LPSK sudah melaporkan tujuh temuan yang dinilai ganjil di rumah Terbit. Yaitu adanya dua kerangkeng manusia, penghuni serupa sel diharuskan membuat surat pernyataan bahwa pihak keluarga tidak boleh meminta agar penghuni dipulangkan selain izin dari pembina kerangkeng, keluarga dilarang melihat penghuni di dalam kerangkeng dalam batas waktu yang ditentukan.
"Bahkan meminta keluarga tidak akan menggugat jika terjadi sesuatu pada penghuni selama dalam kerangkeng," ujar Maneger.
LPSK juga menemukan penghuni serupa sel bukan hanya pecandu narkoba, tapi juga tindak pidana lain, misalnya, perjudian. Kemudian ada temuan dugaan pembayaran penghuni kerangkeng, penghuni tidak diizinkan ibadah di kuar kerangkeng, penghuni dipekerjakan tanpa dibayar.
"Dan terakhir, adanya penghuni meninggal dunia yang di tubuhnya diduga terdapat tanda-tanda luka sekitar tahun 2019," ungkap Maneger.

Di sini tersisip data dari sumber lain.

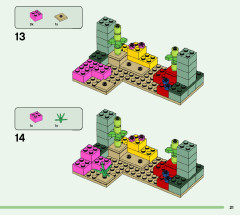 LEGO 21180 instructions page 21 – build guide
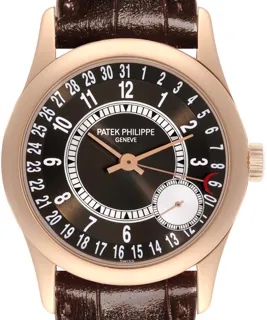 Patek Philippe Calatrava 6000R-001 37mm Rose gold Brown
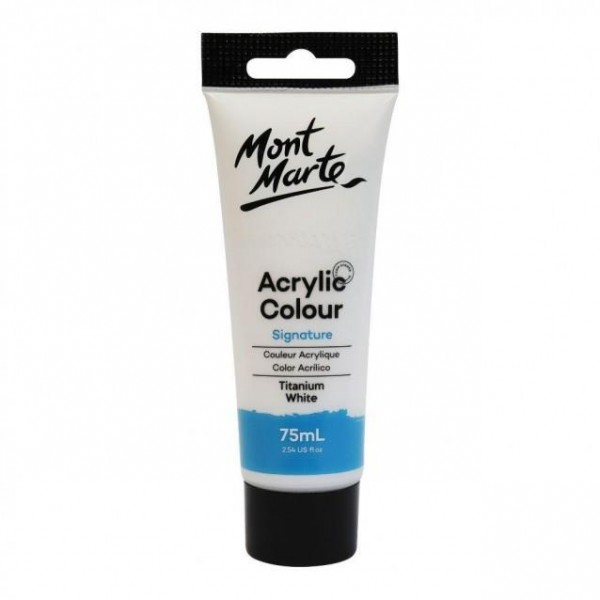 Mont Marte 75ml Studio Acrylic 01 Titanium White Mont Marte 75ml Studio Acrylic 01 Titanium White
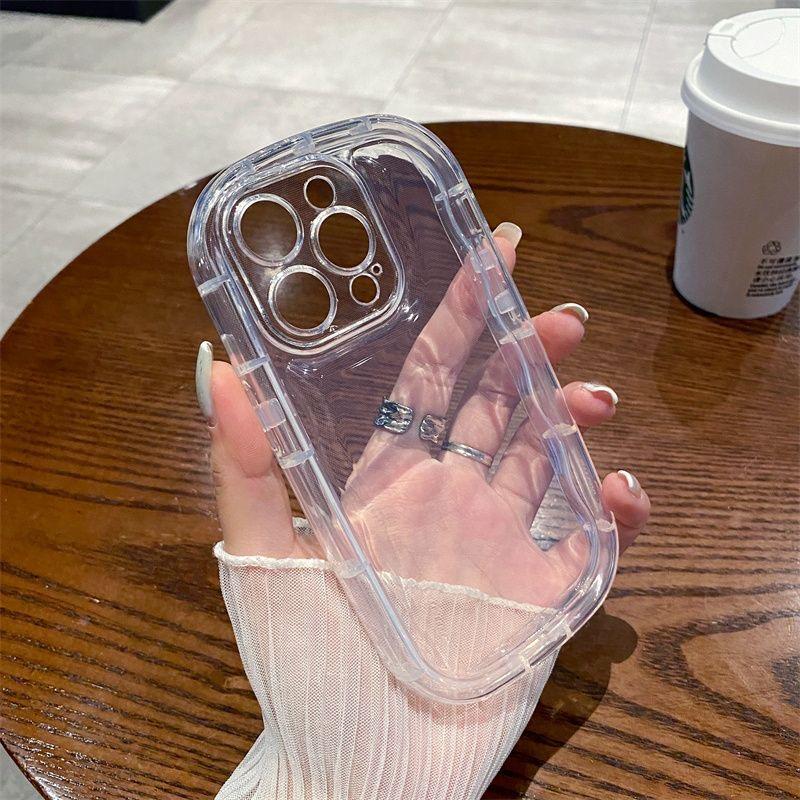 Transparente Seifen-Weichhülle Für iPhone 17 AIR 16 15 14 13 12 11 Pro Max X XR XS MAX 7 8 PLUS MINI KameraschutzAirbag-Abdeckung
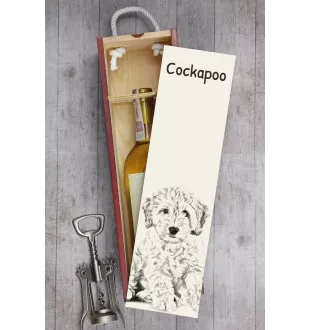 Cockapoo pudełko na wino z psem Art-Dog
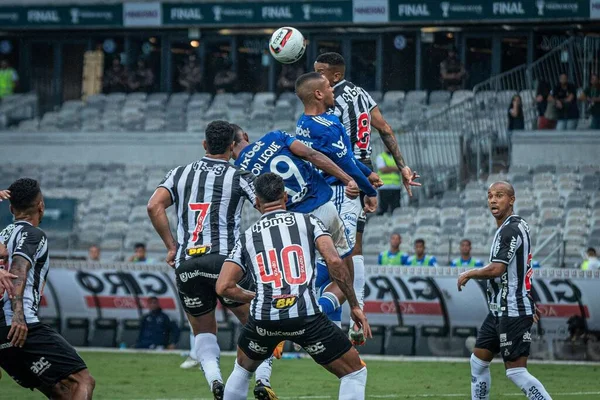 Campeonato Mineiro Futebol 2022 Finais Atlético Mineiro Cruzeiro Abril 2022 — Fotografia de Stock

Atas temuan di atas, LPSK mengimbau agar siapapun yang mengetahui dugaan perbudakan oleh Bupati nonaktif Langkat membuka suaranya. LPSK menjamin perlindungan terhadap saksi.
"LPSK mendorong siapa pun korban atau saksi dalam kasus tersebut untuk berani melapor ke LPSK agar LPSK bisa memberikan perlindungan. Sebab LPSK hanya dapat memberikan perlindungan, jika ada permohonan," ucap Maneger.
Sebelumnya, tim KPK menemukan kerangkeng manusia ketika menggeledah rumah Terbit terkait kasus suap. Temuan kerangkeng itu lantas dilaporkan oleh lembaga swadaya pemerhati buruh migran, Migrant CARE, ke Komnas HAM, Senin (24/1/2022).
Migrant CARE menduga, puluhan orang yang ditahan di sana adalah korban perbudakan dan penyiksaan. Mereka dikerangkeng dan diperkerjakan di kebun sawit setiap hari tanpa digaji.
Polisi menyebut, ada 48 orang yang dipenjarakan di kerangkeng tersebut. Semuanya telah dipulangkan kepada keluarga masing-masing.